It wasn't until I was called as the visiting teacher coordinator that I learned more about the cliques in my ward. After about a year learning my new responsibilities an even newer person was called as the Relief Society president. I don't think she intended to, but one of the best things she has done is to shake things up. She and I would have long conversations about the visiting teaching program, and we each learned a lot about the members of our ward, and the group dynamics. Due to some other interesting ward dynamics, I was the only one who would pass out the visiting teaching assignments. Since our list needed updated every two or three months, this meant that I learned the name and face of practically every woman in the ward and most of their husbands. I can't tell you how rewarding that calling was — exhausting, but very, very rewarding.
The Relief Society presidency has done some wonderful things to break down the cliques over the last few years. We learned that many of the leaders of these cliques didn't realize they were in a clique, but certainly realized that others were. They just “hung out” together because they weren't part of Sister so-and-so's clique, or clique XYZ.
Many didn't realize there were even cliques, because they only knew about ten people in the ward despite being there for many years. Some felt they knew all the “old timers” but didn't make an effort to get to know the new move ins because they would just move out in a couple years anyway, so why bother.
Once all of this was realized by the new Relief Society president, she talked with the bishop and he agreed to have an activities committee. This committee did a variety of things that have brought the ward closer. It started off with expanding the Trunk or Treat to a Chili Cook-Off and Trunk or Treat activities night.

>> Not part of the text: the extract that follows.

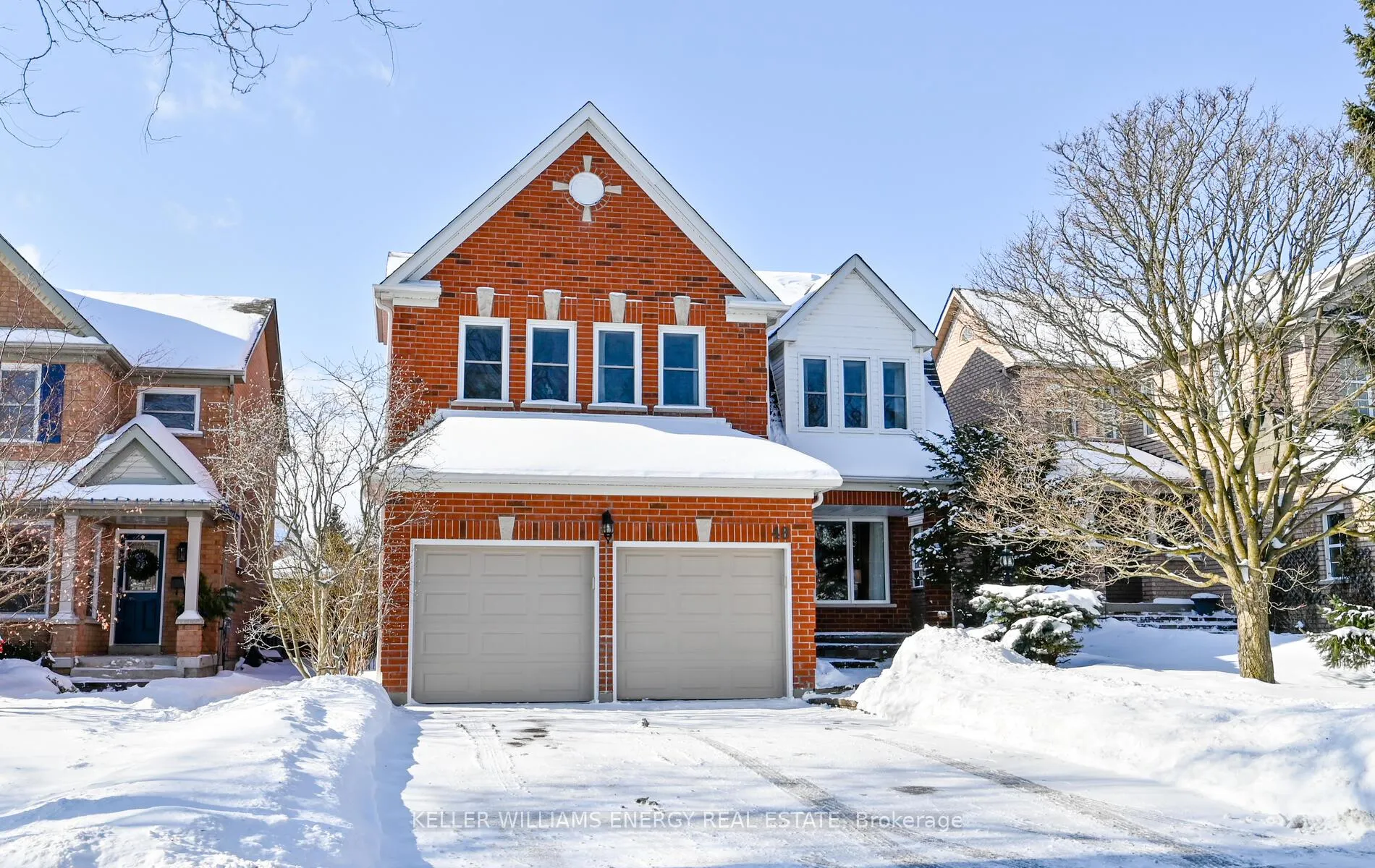 Photo 3 of 48 Wetherburn Drive, Whitby, Williamsburg — HOMEH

Then we moved our Christmas party from the evening (when a lot of families with young kids couldn't come because of bedtimes) to a Saturday morning breakfast where families were encouraged to roll out of bed and come in their PJ's. This Christmas breakfast also included a slide show of as many ward members as we could get pictures of.
Next our annual Relief Society birthday went from a few people working themselves to the bone to prepare a nice meal and program for us, to more of a potluck or sign up with the Enrichment committee focusing on the program. We also had a first Sunday Relief Society lesson on cliques, and are planning our third Linger Longer in three years.

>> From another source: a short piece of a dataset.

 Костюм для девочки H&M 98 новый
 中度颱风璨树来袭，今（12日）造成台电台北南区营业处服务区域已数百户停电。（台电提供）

I share all of this because, while there are still some cliques in our ward, there are not nearly as many now, and they all welcome new people to join them. We've changed ward activities chairwomen, and if anything she's improved on what seemed perfection. And shortly after the new mid-week activities groups were announced, we had groups springing up all over the place and even more people interacting with each other that normally don't get a chance to.
I look back to six years ago, and I don't think I would recognize more than a dozen faces, but I would see diverse groups of people sitting next to each other, talking, worshipping, and accepting each other for their contributions. We're far from perfect, but we are more of a ward family than we were when I first moved in, and I can't help but think it was due in large part a spiritually sensitive Relief Society president who told us early on that she would need our help, then expected it.

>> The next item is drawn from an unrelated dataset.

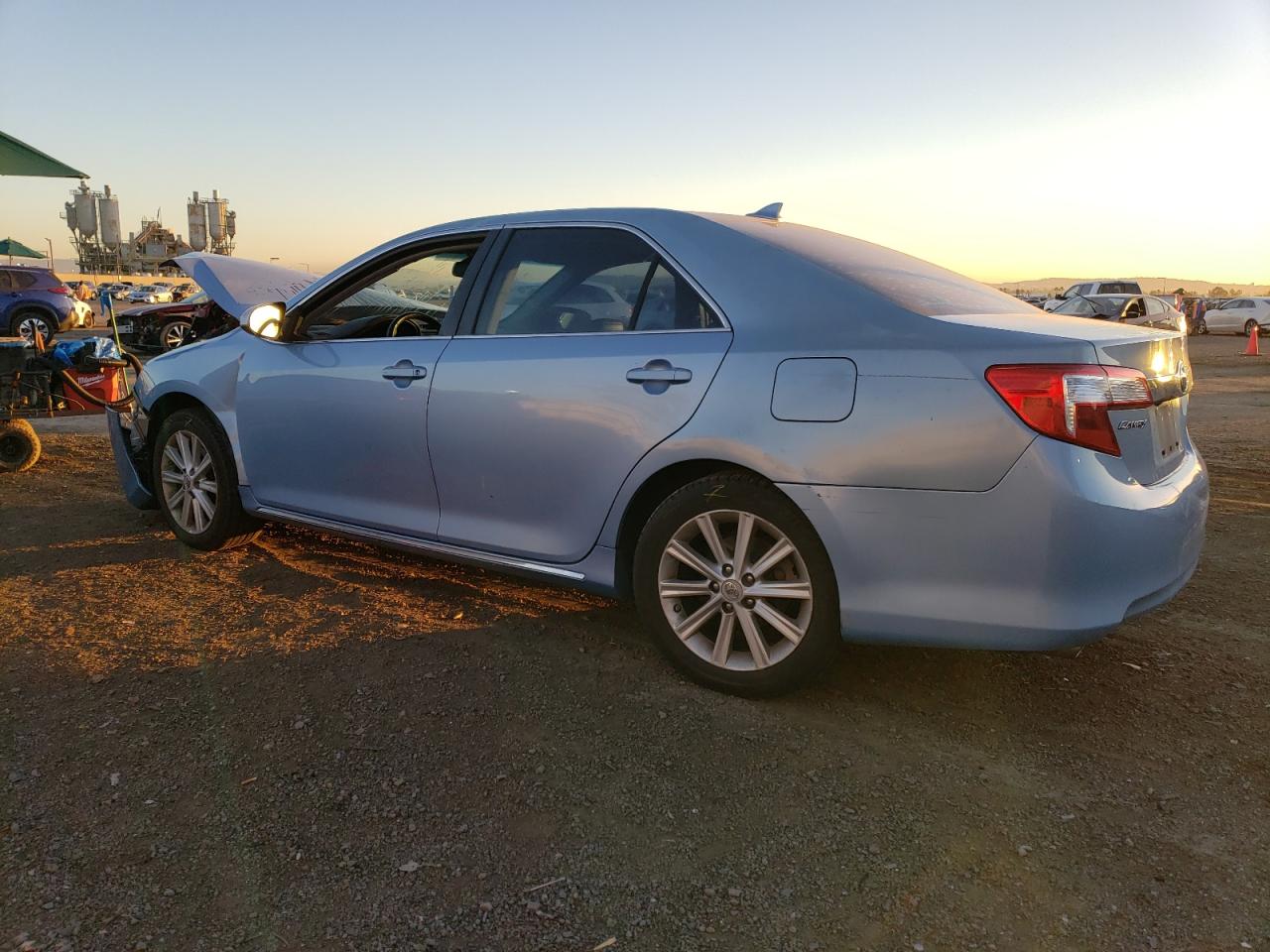 Obraz 2 z 2012 TOYOTA CAMRY SE 2012 z VIN 4T1BK1FKXCU513203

But I realize not every ward will have a new Relief Society president. One of the big things that helped me before I learned about the cliques and their dynamics, was being the friend I wanted others to be to me. Volunteering for different things — to read in Gospel Doctrine class, to say a prayer in Relief Society, to help clean up after a ward activity — and through it all looking for new people I hadn't met.
I even got a ward directory once and checked off all the people I had met, and picked out four or five new families to try to meet the next week. As I introduced myself to a new person, or said hello to someone I'd already met, I'd ask them if they knew Sister so-and-so. By the time I was released from my calling as visiting teaching coordinator, I knew everyone in the ward that had been there longer than three weeks, and had introduced countless visiting teaching partners to each other and their supervisor.
It takes some time to learn the names, but stepping outside of your comfort zone and putting names and faces together while introducing yourself is a lot more soul-satisfying than introducing yourself/your family at the next fast and testimony meeting or when you're called to speak for the first time, then waiting for people to introduce themselves to you.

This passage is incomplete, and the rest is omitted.